### Task statement
Your response to the data below should hold nothing except the lines from the one containing "Détail d'un mini" down to the one containing "Sirene auf dem", reproduced exactly and without pictures.

### Data records
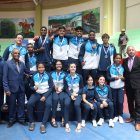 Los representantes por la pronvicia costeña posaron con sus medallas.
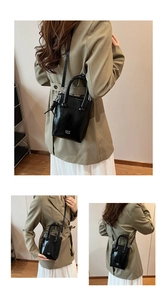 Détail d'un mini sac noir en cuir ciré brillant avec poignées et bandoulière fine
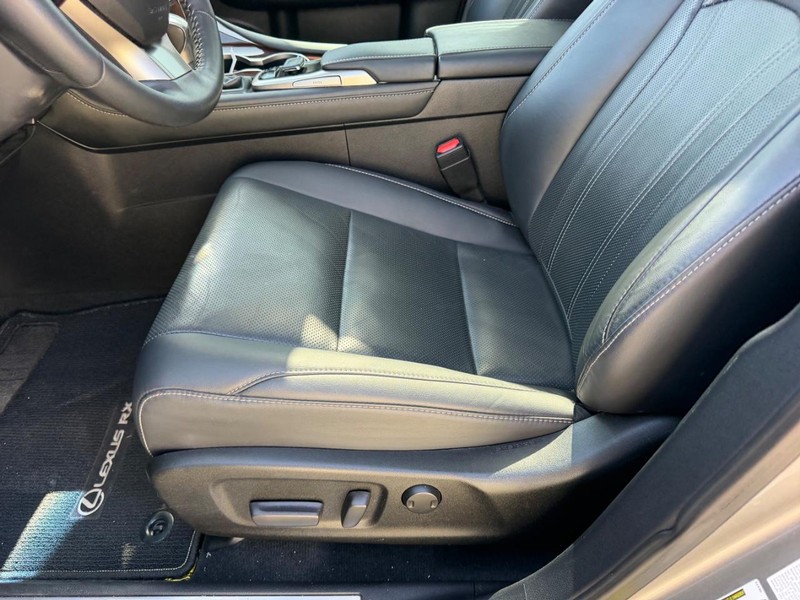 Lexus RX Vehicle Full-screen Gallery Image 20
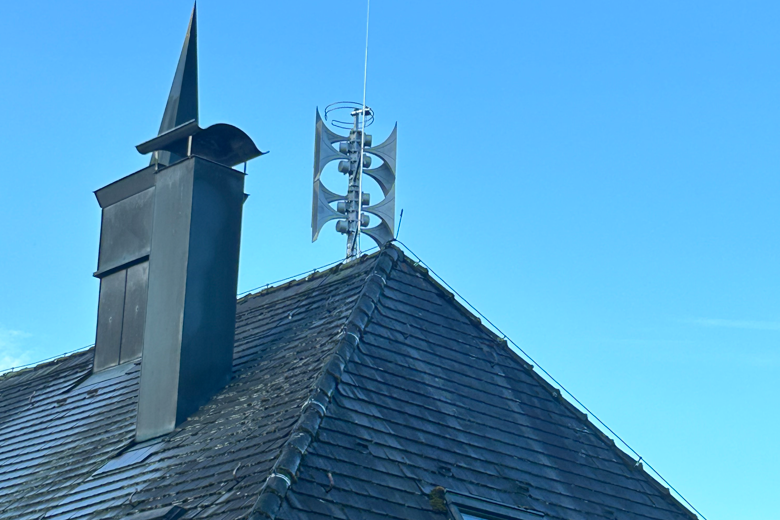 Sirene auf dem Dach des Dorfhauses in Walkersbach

...

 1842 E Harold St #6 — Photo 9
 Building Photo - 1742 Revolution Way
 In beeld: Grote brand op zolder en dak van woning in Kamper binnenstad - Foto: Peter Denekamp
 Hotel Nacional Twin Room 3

### Task output
 Détail d'un mini sac noir en cuir ciré brillant avec poignées et bandoulière fine
 Lexus RX Vehicle Full-screen Gallery Image 20
 Sirene auf dem Dach des Dorfhauses in Walkersbach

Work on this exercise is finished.